# Topic Categorization with converstation thread effects

When detecting topics in a document, common ways include simple *keyword* matching, *topic modeling*, and many others. While this works fine for large text documents like news articles, applying this type of approach to social media data has a serious *methodological* flaw: posts are not isolated but usually part of a conversation thread. Hence if one post is detected as being on the topic, it is logical that another post that replies to it is also on the topic, however this second post might not have used *keywords* that resulted in being detected and tagged as on the topic. 

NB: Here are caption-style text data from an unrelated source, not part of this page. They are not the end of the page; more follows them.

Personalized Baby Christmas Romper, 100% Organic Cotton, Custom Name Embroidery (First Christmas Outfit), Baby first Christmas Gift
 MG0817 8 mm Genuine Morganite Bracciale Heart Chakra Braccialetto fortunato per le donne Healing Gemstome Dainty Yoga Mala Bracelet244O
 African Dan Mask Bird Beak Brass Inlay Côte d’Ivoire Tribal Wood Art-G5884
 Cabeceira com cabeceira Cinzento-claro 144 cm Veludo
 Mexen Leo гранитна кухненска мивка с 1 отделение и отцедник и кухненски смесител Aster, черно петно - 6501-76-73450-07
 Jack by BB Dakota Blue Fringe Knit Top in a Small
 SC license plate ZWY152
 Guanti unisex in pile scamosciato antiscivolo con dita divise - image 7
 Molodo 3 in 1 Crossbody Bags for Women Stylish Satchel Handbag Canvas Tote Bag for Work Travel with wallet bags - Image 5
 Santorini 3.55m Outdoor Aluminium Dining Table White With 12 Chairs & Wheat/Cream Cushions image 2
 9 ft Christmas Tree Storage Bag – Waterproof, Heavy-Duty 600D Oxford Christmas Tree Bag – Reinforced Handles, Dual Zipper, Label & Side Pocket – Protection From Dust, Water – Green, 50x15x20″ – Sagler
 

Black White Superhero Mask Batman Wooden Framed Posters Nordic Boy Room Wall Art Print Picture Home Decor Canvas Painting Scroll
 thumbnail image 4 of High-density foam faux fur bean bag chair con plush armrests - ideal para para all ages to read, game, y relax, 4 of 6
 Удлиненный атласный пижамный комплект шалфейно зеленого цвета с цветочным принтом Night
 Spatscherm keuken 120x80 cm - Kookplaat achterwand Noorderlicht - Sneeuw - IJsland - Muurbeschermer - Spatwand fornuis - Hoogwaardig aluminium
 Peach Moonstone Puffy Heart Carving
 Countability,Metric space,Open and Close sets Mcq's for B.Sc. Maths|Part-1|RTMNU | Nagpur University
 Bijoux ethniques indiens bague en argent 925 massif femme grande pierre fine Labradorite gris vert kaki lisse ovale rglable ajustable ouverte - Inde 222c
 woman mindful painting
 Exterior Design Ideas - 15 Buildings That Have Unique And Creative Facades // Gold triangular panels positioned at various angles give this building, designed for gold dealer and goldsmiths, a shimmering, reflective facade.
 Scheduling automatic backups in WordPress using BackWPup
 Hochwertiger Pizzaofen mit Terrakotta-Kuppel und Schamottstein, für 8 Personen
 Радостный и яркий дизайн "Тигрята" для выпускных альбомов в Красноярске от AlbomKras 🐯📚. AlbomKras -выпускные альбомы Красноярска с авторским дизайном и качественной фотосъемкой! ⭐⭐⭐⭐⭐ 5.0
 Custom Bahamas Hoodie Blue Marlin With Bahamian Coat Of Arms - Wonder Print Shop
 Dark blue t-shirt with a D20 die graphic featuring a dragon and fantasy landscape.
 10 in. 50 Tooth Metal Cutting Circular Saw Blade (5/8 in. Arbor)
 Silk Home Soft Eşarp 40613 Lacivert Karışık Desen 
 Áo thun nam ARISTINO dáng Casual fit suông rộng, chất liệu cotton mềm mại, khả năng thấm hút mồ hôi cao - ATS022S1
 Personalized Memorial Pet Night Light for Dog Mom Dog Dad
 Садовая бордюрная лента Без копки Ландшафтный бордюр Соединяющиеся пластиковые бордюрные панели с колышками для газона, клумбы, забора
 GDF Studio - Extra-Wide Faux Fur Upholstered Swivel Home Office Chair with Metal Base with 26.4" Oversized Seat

This notebook walks through the problem and proposes a basic model using Twitter data. It shows how conversation thread affects can be used with an existing list of *pre-categorized* tweets to expand the number of tweets that are coded as being on the topic.

## The problem space 

On Twitter, we can consider that there are 3 potential scenarios for tweets in the context of a convesation thread:
![Conversation_thread_visual.PNG](attachment:Conversation_thread_visual.PNG)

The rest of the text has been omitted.